Procedo, claro, al indulto póstumo de Violetta Valéry. Y lo extiendo a los melómanos que van a congregarse en las funciones de julio, sobre todo porque les aguarda una severa disciplina de medidas profilácticas.
Tantas son y tan explícitas que más que ir a la ópera parece que vamos al quirófano. Que si el termómetro, que si los geles antisépticos, que si las mascarillas, que si las distancias de seguridad.
Bien lo saben los cantantes, distanciados en sus respectivos cuadrantes. Bien lo sabe el maestro Luisotti. Es él quien dirige las funciones en una urna de plexiglass. Y no estoy exagerando, pero tampoco exagero si digo que la música de Verdi se derrama por el foso y consigue calentar el Teatro, incendiar las pasiones y despojarlo del preservativo.
El Real es el primer gran teatro de Europa que se atreve a abrir. Por eso las medidas de higiene y profilaxis han tenido que extremarse.
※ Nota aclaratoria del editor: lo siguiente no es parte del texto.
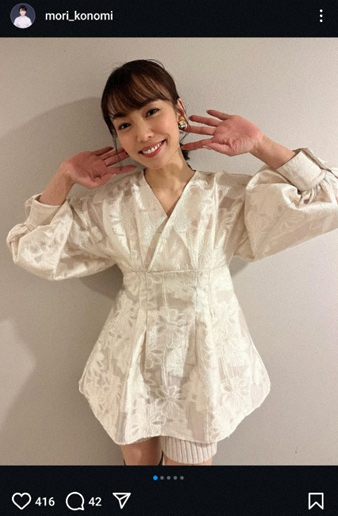 夫は有名関取、美人歌手　私服のミニワンピ姿披露に「可愛くて似合ってる～」「スゴーい！！ミニスカ」(スポニチアネックス)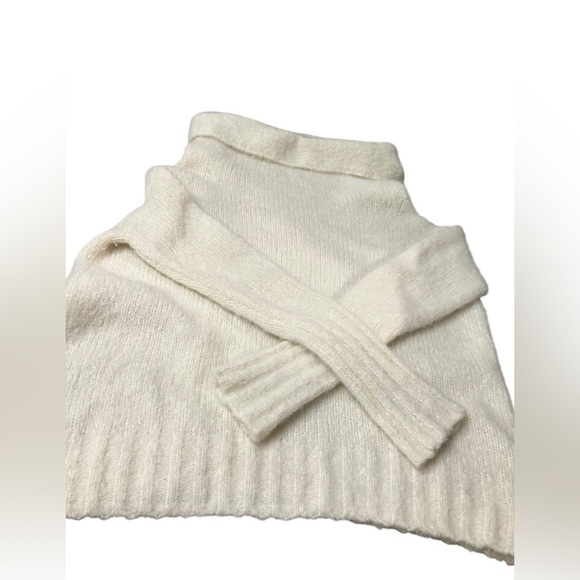 Vince Alpaca Elegant Minimalist Cowl Neckline Ivory White Women’s Size Large - Picture 5 of 12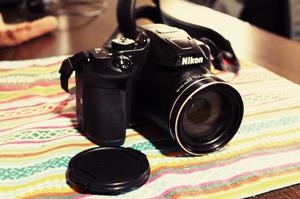 Vendo Nikon B700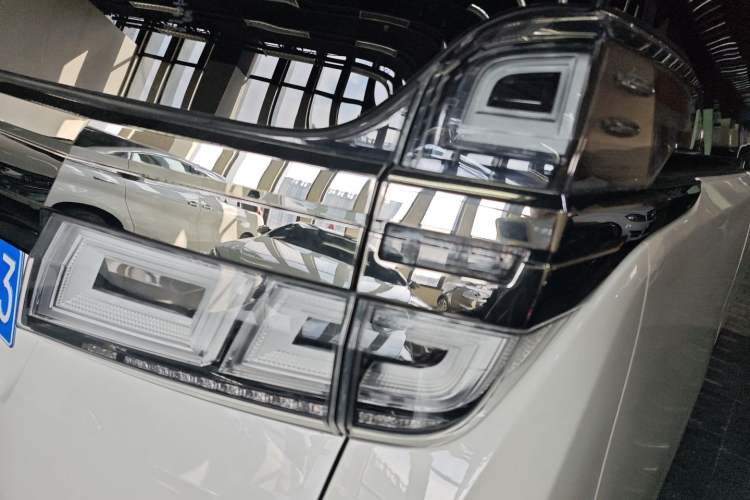 Used Toyota Vellfire 2020 Dual-Engine 2.5L HV Luxury Edition Right Rear Taillight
Y por la misma razón hay tantas butacas ocupadas como vacantes.
La nueva normalidad se parece demasiado a una distopía de Huxley, ir a la ópera sin tocarse, convertirla en un baile de máscaras esterilizado, pero la música de Verdi es capaz de calentar y de conmover hasta los corazones de hielo, no digamos cuando agoniza Violetta Valéry con la voz de Marina Rebeka.